[SPARK-35588][PYTHON][DOCS] Merge Binder integration and quickstart notebook for pandas API on Spark

### What changes were proposed in this pull request? This PR proposes to fix: - the Binder integration of pandas API on Spark, and merge them together with the existing PySpark one. - update quickstart of pandas API on Spark, and make it working The notebooks can be easily reviewed here: https://mybinder.org/v2/gh/HyukjinKwon/spark/SPARK-35588-3?filepath=python%2Fdocs%2Fsource%2Fgetting_started%2Fquickstart_ps.ipynb Original page in Koalas: https://koalas.readthedocs.io/en/latest/getting_started/10min.html ### Why are the changes needed? - To show the working examples of quickstart to end users. - To allow users to try out the examples without installation easily. ### Does this PR introduce _any_ user-facing change? No to end users because the existing quickstart of pandas API on Spark is not released yet. ### How was this patch tested? I manually tested it by uploading built Spark distribution to Binder.

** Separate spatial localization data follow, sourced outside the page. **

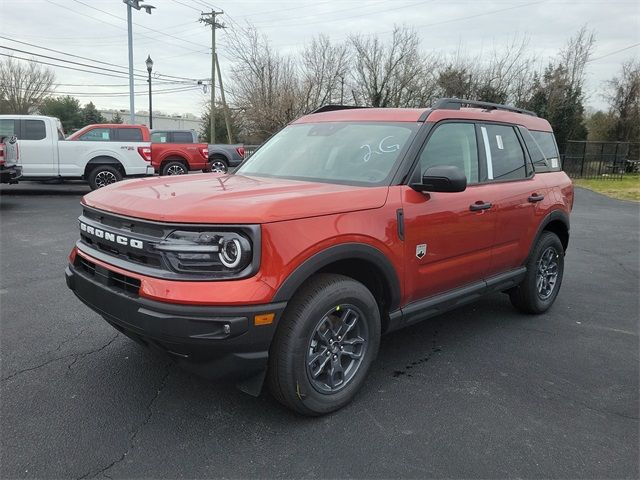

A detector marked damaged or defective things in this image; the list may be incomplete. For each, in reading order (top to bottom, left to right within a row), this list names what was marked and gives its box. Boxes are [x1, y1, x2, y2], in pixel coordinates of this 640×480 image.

cracked pavement [0, 183, 636, 476] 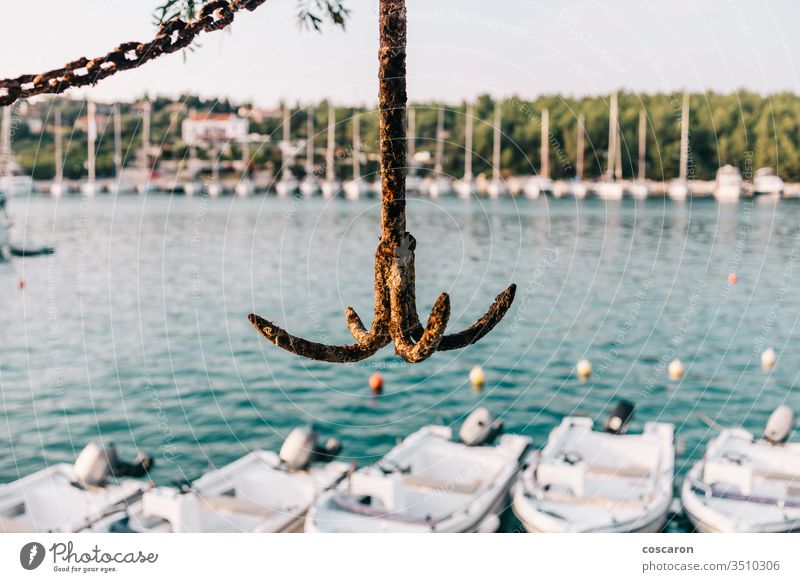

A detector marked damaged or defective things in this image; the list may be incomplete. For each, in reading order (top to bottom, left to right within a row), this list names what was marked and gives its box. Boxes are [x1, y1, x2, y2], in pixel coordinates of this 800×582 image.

rusty chain [0, 0, 268, 107] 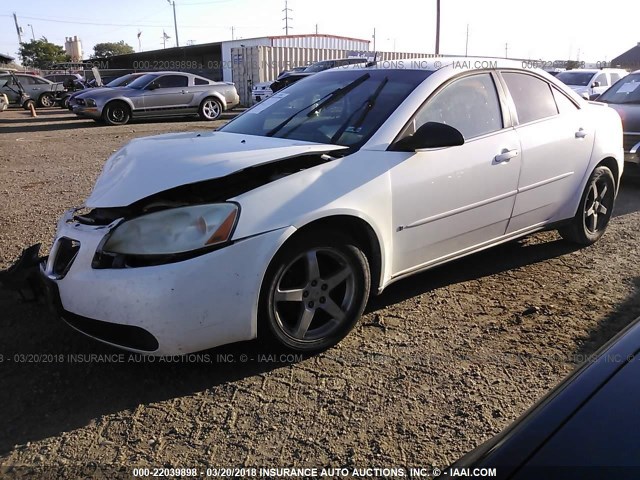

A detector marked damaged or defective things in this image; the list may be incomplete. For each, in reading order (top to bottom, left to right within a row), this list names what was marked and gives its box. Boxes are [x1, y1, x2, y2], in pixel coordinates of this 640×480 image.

crumpled hood [87, 130, 348, 207]
broken headlight [104, 202, 239, 255]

See 3bc15310a0 Closes #33041 from HyukjinKwon/SPARK-35588-2. Authored-by: Hyukjin Kwon <gurwls223@apache.org> Signed-off-by: Hyukjin Kwon <gurwls223@apache.org>
2021-06-24 10:17:22 +09:00 · 2021-06-24 10:17:22 +09:00 · be9089731a
parent 1cf18a2277
commit be9089731a
7 changed files with 14507 additions and 14481 deletions
--- a/binder/postBuild
+++ b/binder/postBuild
@ -21,4 +21,4 @@
 # Jupyter notebook.

 VERSION=$(python -c "exec(open('python/pyspark/version.py').read()); print(__version__)")
-pip install "pyspark[sql,ml,mllib]<=$VERSION"

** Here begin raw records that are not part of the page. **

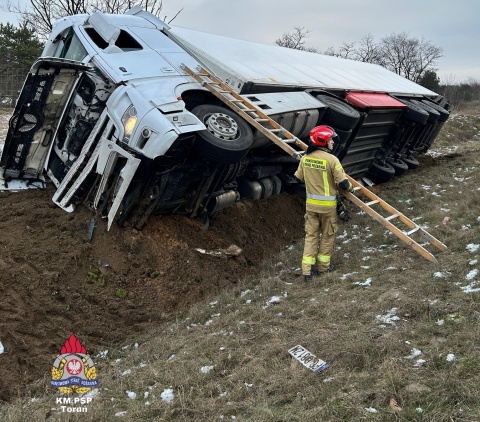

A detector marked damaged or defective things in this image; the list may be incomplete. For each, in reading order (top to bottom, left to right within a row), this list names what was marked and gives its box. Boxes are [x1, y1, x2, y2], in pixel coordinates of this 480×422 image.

overturned white truck [0, 6, 450, 229] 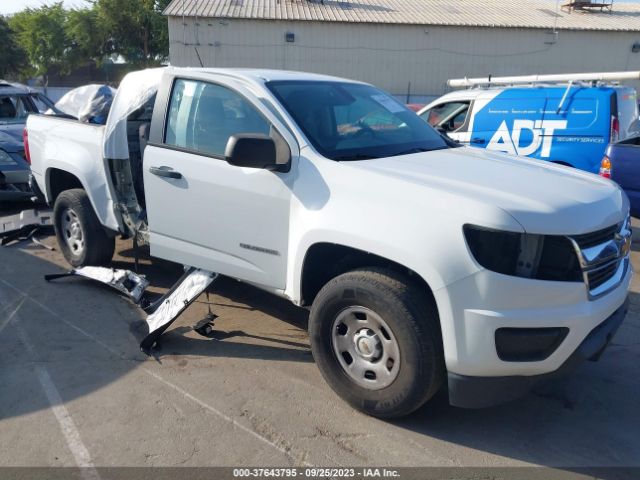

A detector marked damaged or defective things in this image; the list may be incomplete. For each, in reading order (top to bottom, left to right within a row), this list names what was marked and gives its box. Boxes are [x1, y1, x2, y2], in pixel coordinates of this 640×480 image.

another damaged vehicle [23, 67, 632, 416] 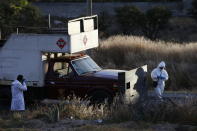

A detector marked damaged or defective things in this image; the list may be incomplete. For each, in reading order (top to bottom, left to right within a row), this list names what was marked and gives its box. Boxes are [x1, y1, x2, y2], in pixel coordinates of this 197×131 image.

abandoned pickup truck [0, 15, 148, 103] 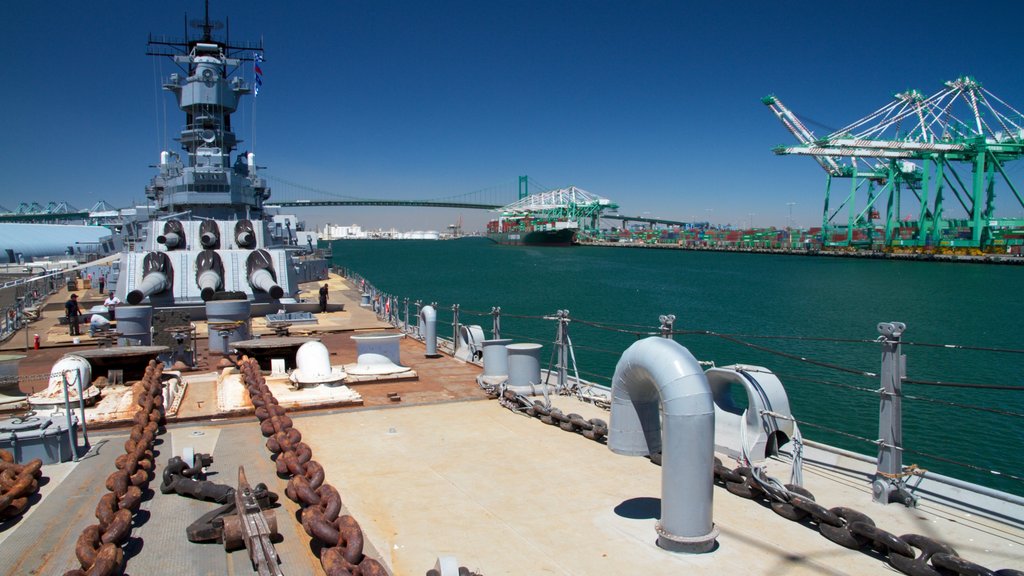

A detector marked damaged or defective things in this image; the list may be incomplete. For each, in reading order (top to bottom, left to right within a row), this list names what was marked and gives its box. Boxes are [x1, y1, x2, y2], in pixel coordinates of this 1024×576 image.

rusty anchor chain [0, 444, 43, 520]
rusty anchor chain [62, 358, 164, 573]
rusty anchor chain [235, 354, 387, 573]
rusty anchor chain [493, 385, 1015, 573]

+pip install plotly "pyspark[sql,ml,mllib,pandas_on_spark]<=$VERSION"
--- a/python/docs/source/conf.py
+++ b/python/docs/source/conf.py
@ -75,7 +75,11 @@ numpydoc_show_class_members = False
 # These are defined here to allow link substitutions dynamically.
 rst_epilog = """
 .. |binder| replace:: Live Notebook
-.. _binder: https://mybinder.org/v2/gh/apache/spark/{0}?filepath=python%2Fdocs%2Fsource%2Fgetting_started%2Fquickstart.ipynb
+.. _binder: https://mybinder.org/v2/gh/apache/spark/{0}?filepath=python%2Fdocs%2Fsource%2Fgetting_started%2Fquickstart_df.ipynb
+.. |binder_df| replace:: Live Notebook: DataFrame
+.. _binder_df: https://mybinder.org/v2/gh/apache/spark/{0}?filepath=python%2Fdocs%2Fsource%2Fgetting_started%2Fquickstart_df.ipynb
+.. |binder_ps| replace:: Live Notebook: pandas API on Spark
+.. _binder_ps: https://mybinder.org/v2/gh/apache/spark/{0}?filepath=python%2Fdocs%2Fsource%2Fgetting_started%2Fquickstart_ps.ipynb
 .. |examples| replace:: Examples
 .. _examples: https://github.com/apache/spark/tree/{0}/examples/src/main/python
 .. |downloading| replace:: Downloading
--- a/python/docs/source/getting_started/index.rst
+++ b/python/docs/source/getting_started/index.rst
@ -25,12 +25,16 @@ There are more guides shared with other languages such as
 `Quick Start <https://spark.apache.org/docs/latest/quick-start.html>`_ in Programming Guides
 at `the Spark documentation <https://spark.apache.org/docs/latest/index.html#where-to-go-from-here>`_.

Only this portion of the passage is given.